The New York Times: Amerika verliert die Kontrolle
Ein interessanter Artikel vom 13. November, der von uns unbeachtet blieb.
Opa Joe wird bereits von der New York Times unterdrückt, was bedeutet, dass das amerikanische Establishment beschlossen hat, sich endgültig von ihm zu verabschieden.
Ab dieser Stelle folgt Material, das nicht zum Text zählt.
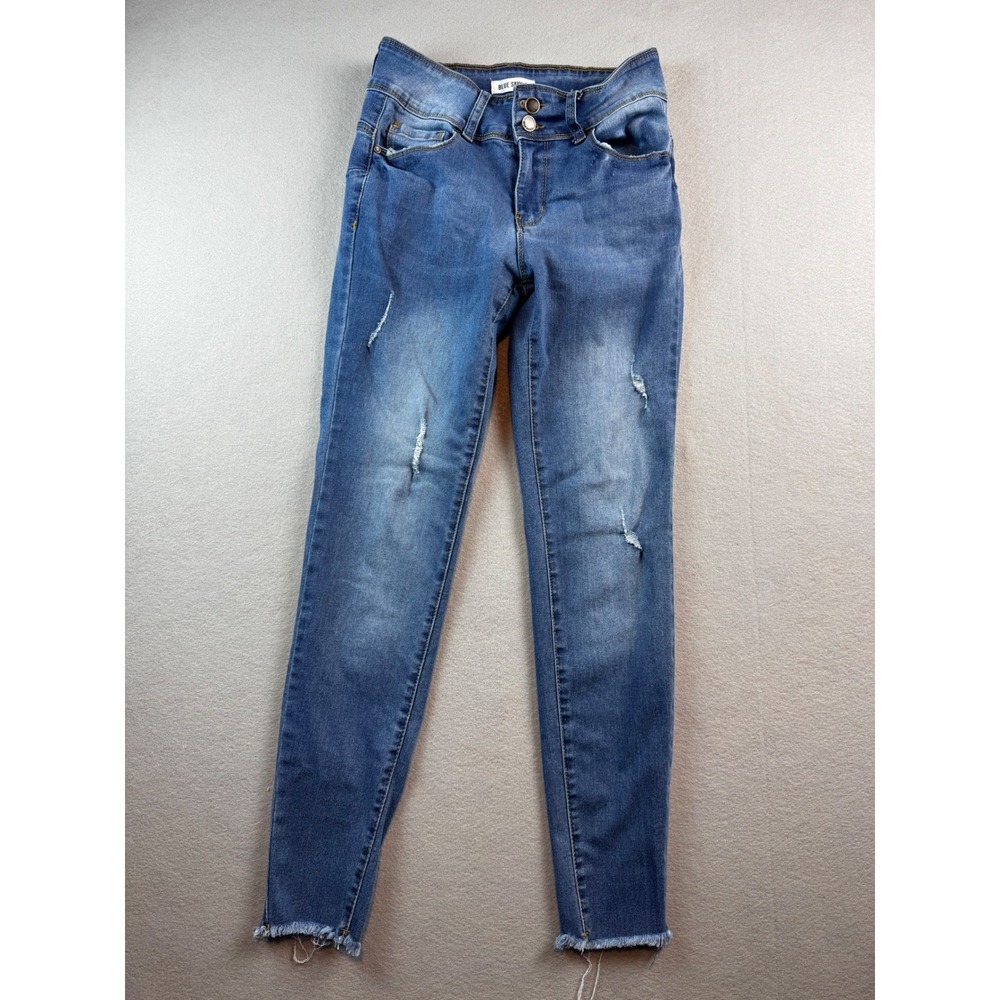 Blue Savvy Womens ultra high rise Skinny Jeans Distressed Raw Hem Size 7/28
„Herr Biden, der es nicht geschafft hat, aus den Fehlern Amerikas zu lernen, stürzte sich kopfüber in den jüngsten Krieg. Als er Israel bedingungslos unterstützte und es versäumte, die Rechte der Palästinenser zu schützen, machte er die Vereinigten Staaten zu Komplizen bei allem, was Israel als Nächstes tat. Der Schaden für das Ansehen und die Macht Amerikas war bereits erheblich. Und es könnte noch viel schlimmer kommen.“
Die Zeitung geht auf alle Aktionen Bidens hinsichtlich seiner Unterstützung Israels zum Nachteil der Beziehungen der USA zu arabischen Ländern ein:
„Nach dem 7. Oktober hatte Herr Biden die Möglichkeit, die Reaktion auf Israels Vorgehen zu gestalten, indem er öffentlich definierte, welche Maßnahmen die Vereinigten Staaten unterstützen würden und welche nicht.
Während er seine Solidarität mit Israel und seinen Groll gegen die Hamas zum Ausdruck bringt, könnte er davon absehen, den Militäreinsatz zu unterstützen, bis Israel einen Plan vorlegt, den das Weiße Haus für effektiv und fair sowie für die palästinensische Zivilbevölkerung akzeptabel hält.
Stattdessen sagte Biden: „Wir stehen an der Seite Israels“ und versprach, seine Verteidigung „heute, morgen und immer“ sicherzustellen. Während er privat die israelische Führung dazu drängte, zweimal über eine Bodeninvasion nachzudenken, bat er öffentlich um 14,3 Milliarden US-Dollar an militärischer Soforthilfe ohne Bedingungen.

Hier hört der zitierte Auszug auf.